# Incidence geometry

An incidence geometry or Buekenhout geometry is a structure which generalizes several concepts of incidence. Abstract polytopes, configurations and hypertopes are all incidence geometries.

## Definition

### Incidence system

An incidence system is a tuple $(X,*,t,I)$ where

• X is a set whose members are called elements.
• I is a finite set whose members are called types.
• $t : X\rightarrow I$ is a type function, mapping each element to a type.
• * is a binary relation on X called incidence. It obeys 3 properties
• $\forall x. x*x$ (reflexivity)
• $\forall x,y. x*y\iff y*x$ (symmetry)
• $\forall x,y. x*y \land t(x)=t(y) \implies x = y$ In the context of incidence system a flag is a set of elements, F, such that any two elements in F are incident. This is a distinct notion from the flag of a polytope.

A chamber is a flag, F, such that $t(F)=I$ .

### Incidence geometry

An incidence geometry is an incidence system such that every flag is a subset of some chamber. In other words every maximal clique in the incidence graph has type $I$ .

## Incidence structure

A incidence system with two types is called an incidence structure. Incidence structures are generally not rich enough to make them interesting objects of study on their own. However they are used as a starting point for more rich objects such as configurations, generalized polygons and near polygons.

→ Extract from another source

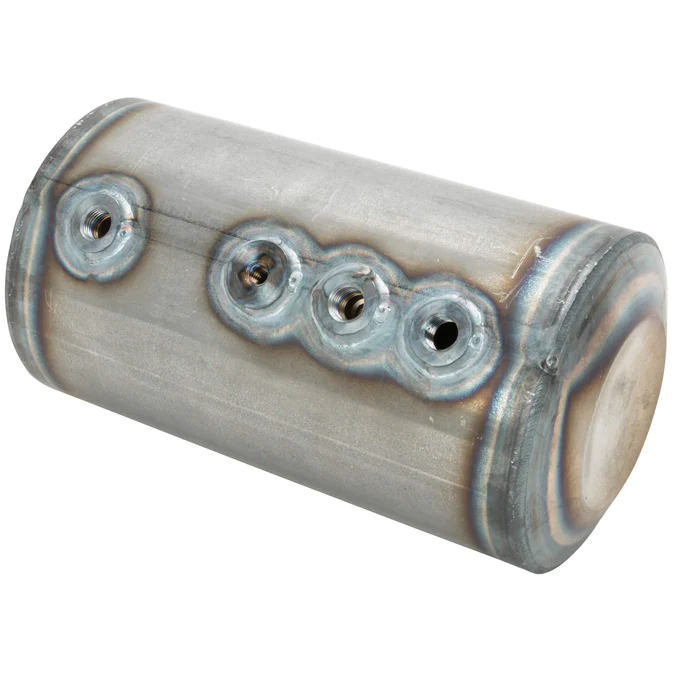 Oljetank "barrel" Lowbrow Customs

An incidence structure may be defined more simply as a triple $\left(P,L,I\right)$ where P is a set of vertices, L is a set of edges and I is an incidence relation. Some authors require that I is symmetric, however this is only required of you do not require I to be typed.

## Examples

### Abstract polytopes

Every abstract polytope is an incidence geometry.

• The element set are the elements of the abstract polytope.
• The incidence relation is incidence.
• The type function is the rank of each element.
• The chambers are flags of the abstract polytope.